Studio Pacific wins Building Competition

13 Aug 2008

Studio Pacific Architecture has been announced as the winner of a nationwide competition to design a major redevelopment of the Royal Society of New Zealand’s Thorndon site.

The Royal Society has owned and operated from its current address for over 20 years, making use of small existing buildings. A large campus style development of the site is planned for the Royal Society as well as other compatible research and technology oriented organisations. 

The Chair of the Judging Panel, Professor Michael Keniger said 'The winning design projects a strong identity for the Royal Society and for its future. In essence, it possesses a clarity of formal organisation that provides many possibilities for the design as it proceeds. It has immense potential to excite curiosity about science and technology and literally offers a gateway to science and to knowledge.'

Studio Pacific is delighted the Royal Society of New Zealand has selected our project as the winning design. Our response to the site is built on the interaction between science as a rational objective framework, and the cultural reaction to this framework. The scheme is generated from the idea of two vessels, with a glazed box occupying the space between them as the nodal connecting point of people and ideas. The two vessels are symbolic containers of the knowledge gained from Maori and European exploration, discovery and settlement in New Zealand. 

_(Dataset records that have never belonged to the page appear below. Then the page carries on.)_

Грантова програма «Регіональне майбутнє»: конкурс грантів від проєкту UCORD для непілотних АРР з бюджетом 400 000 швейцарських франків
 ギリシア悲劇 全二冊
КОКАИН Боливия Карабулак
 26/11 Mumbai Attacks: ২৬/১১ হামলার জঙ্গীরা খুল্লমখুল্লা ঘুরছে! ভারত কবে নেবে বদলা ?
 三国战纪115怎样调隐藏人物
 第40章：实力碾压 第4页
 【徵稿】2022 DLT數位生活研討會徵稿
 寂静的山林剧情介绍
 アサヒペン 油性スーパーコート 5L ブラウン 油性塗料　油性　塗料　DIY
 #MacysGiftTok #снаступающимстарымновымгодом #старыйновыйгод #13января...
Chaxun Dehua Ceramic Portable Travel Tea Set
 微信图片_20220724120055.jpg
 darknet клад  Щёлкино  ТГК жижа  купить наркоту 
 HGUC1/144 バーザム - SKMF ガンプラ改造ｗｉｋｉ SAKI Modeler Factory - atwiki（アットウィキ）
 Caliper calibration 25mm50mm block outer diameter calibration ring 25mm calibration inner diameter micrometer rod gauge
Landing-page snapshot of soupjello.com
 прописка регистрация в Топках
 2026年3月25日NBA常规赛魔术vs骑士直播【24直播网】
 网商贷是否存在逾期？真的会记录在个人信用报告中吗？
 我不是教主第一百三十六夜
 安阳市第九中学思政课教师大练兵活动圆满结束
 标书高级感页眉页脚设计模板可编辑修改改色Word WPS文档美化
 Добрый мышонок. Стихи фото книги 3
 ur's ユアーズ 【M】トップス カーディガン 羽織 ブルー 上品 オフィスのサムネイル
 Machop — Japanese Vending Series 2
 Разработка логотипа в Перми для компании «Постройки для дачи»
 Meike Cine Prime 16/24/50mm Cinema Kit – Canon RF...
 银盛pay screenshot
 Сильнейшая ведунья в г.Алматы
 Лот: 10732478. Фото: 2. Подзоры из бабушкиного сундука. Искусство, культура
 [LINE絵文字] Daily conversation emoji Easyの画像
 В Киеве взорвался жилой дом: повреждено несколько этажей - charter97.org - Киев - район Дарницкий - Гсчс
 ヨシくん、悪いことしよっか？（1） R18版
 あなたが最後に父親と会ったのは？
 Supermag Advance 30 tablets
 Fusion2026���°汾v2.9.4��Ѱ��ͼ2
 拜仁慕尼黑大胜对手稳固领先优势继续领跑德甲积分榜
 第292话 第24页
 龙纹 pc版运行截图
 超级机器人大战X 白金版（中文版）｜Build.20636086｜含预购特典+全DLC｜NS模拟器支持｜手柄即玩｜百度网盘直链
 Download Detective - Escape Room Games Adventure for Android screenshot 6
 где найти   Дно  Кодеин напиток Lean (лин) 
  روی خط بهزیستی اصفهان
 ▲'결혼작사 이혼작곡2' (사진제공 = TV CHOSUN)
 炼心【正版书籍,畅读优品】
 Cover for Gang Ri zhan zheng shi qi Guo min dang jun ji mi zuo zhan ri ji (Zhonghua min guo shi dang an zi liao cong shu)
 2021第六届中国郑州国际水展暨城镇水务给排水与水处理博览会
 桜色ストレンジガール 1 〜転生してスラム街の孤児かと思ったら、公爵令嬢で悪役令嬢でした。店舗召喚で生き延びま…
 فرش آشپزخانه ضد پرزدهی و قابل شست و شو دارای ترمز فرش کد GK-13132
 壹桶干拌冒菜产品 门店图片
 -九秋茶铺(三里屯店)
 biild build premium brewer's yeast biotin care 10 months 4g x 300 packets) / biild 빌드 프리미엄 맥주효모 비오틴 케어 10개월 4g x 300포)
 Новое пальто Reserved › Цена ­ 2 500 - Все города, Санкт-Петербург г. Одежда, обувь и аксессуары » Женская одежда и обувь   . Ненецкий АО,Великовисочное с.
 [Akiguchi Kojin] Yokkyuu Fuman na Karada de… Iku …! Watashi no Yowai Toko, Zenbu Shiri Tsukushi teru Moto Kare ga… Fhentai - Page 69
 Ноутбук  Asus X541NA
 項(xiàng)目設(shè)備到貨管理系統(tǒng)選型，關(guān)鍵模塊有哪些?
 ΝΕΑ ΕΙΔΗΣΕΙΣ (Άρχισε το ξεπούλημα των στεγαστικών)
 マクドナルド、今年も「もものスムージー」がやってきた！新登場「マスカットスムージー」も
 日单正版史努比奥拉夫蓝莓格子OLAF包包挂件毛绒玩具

The scheme ground plan is defined by Polynesian star mapping systems used in navigation, subtly folding the ground plane running through the public access plaza, the atrium, the green space, auditorium, conference facilities, café, and laboratories. The building is to be constructed using timber as the primary structural material: using our significant renewable forestry resource. The ESD approach proposed for the project applies a ‘whole building’ environmental engineering approach, integrated with the architectural and structural solutions and using climate-responsive design to achieve a highly efficient green building.